Réduction des droits d’enregistrement en Wallonie : Une réforme antisociale, inefficace et coûteuse

Dès son entrée en fonction en juillet 2024, le nouveau gouvernement wallon MR-Engagés a annoncé toute une série de mesures, parmi lesquelles un choc fiscal d’une ampleur de 1,5 milliard d’euros sur la législature 2025-2029. Ce « choc » se décline principalement en deux grands volets : une réforme des droits d’enregistrement (la taxe que l’on paie lorsqu’on achète un logement) et une modification des droits de succession. Depuis le 1er janvier 2025, la réforme des droits d’enregistrement est officiellement entrée en vigueur. Cette mesure consiste en une réduction significative du taux des droits d’enregistrement pour l’acquisition d’une habitation propre et unique, qui passe de 12 % à 3 %.

L’objectif officiel avancé par le gouvernement est de « rendre de l’oxygène aux classes moyennes et populaires, à travers une simplification administrative et un allégement fiscal[1] ». Mais la réalité est tout autre. En plus de faire perdre des centaines de millions d’euros au budget de la Région wallonne, cette mesure ne va profiter qu’à ceux qui sont en capacité d’acquérir des biens immobiliers conséquents, soit les plus riches, tandis que la grande majorité des citoyens va y perdre au bout du compte[2].

1. Explication de la réforme : ancien et nouveau système

Dans l’ancien système, les droits d’enregistrement de base s’élevaient à 12,5 %. Parallèlement à ce taux de base, trois régimes fiscaux coexistaient :

NB : celles et ceux qui ont acheté leur habitation avant 2025 restent évidemment dans cet ancien système.

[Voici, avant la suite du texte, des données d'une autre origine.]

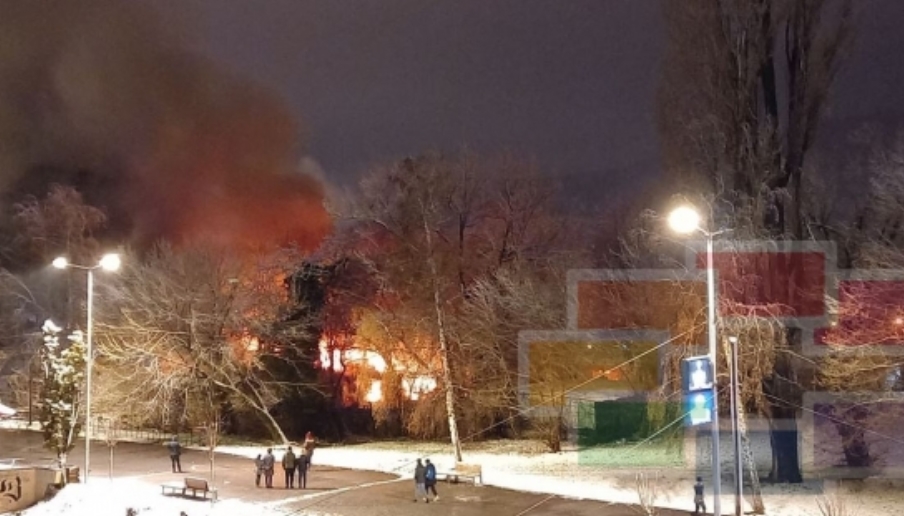 ВОНРЕДНА ВЕСТ: Голем пожар вечерва во Градскиот парк (ВИДЕО)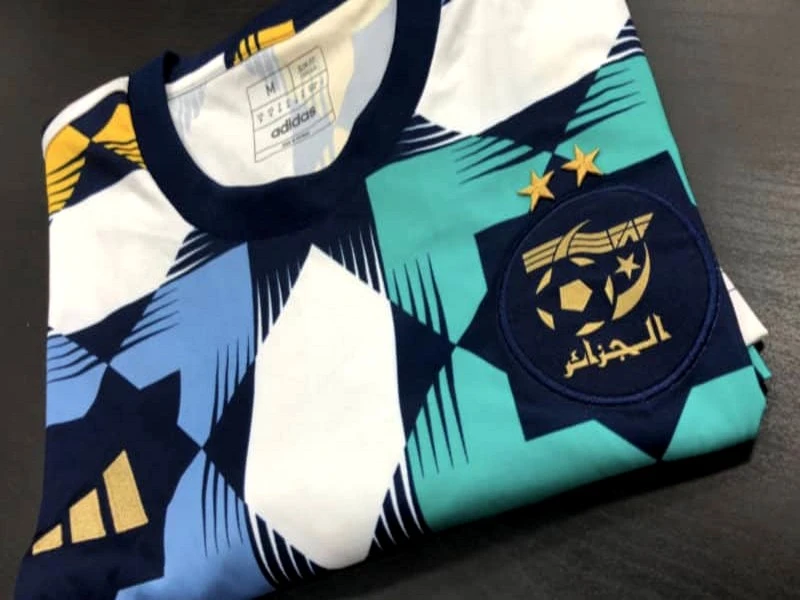 Nouveau maillot algérien : la polémique s’enfle sur la toile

  1. Un taux réduit à 6 % (ou 5 % en cas de prêt hypothécaire social) qui est applicable en cas d’acquisition d’une habitation qualifiée de « modeste », soit une habitation dont le revenu cadastral est inférieur à 745 €[3]. Ce taux réduit s’applique jusqu’à un plafond de 168.000 €, et ce qui dépasse est taxé à 12,5 %.
  2. Un abattement fiscal « primo-acquérant » équivalent à 40.000 € pour les biens inférieurs à 350.000 €, qui diminue progressivement pour les biens entre 350.000 € et 500.000 €, et atteint un plancher de 20.000 € pour les biens de plus de 500.000 €.
  3. Le « chèque-habitat », qui consiste en une réduction de l’impôt des personnes physiques via un crédit d’impôt pendant 20 ans en cas d’emprunt hypothécaire. Le montant de base de ce crédit d’impôt est de 1.500 € par an. Ce montant est majoré de 125 € par enfant à charge. Il est octroyé à 100 % les 10 premières années et à 50 % les 10 années suivantes. Cet avantage se réduit également en fonction du revenu imposable net. Les personnes gagnant plus de 101.000 € par an n’y ont pas droit. Pour un couple, le chèque-habitat est calculé séparément. Les deux partenaires peuvent bénéficier du chèque-habitat s’ils remplissent les conditions d’octroi. Sur 20 ans, l’avantage maximum est de 22.800 € pour une personne seule et de 45.600 € pour un couple.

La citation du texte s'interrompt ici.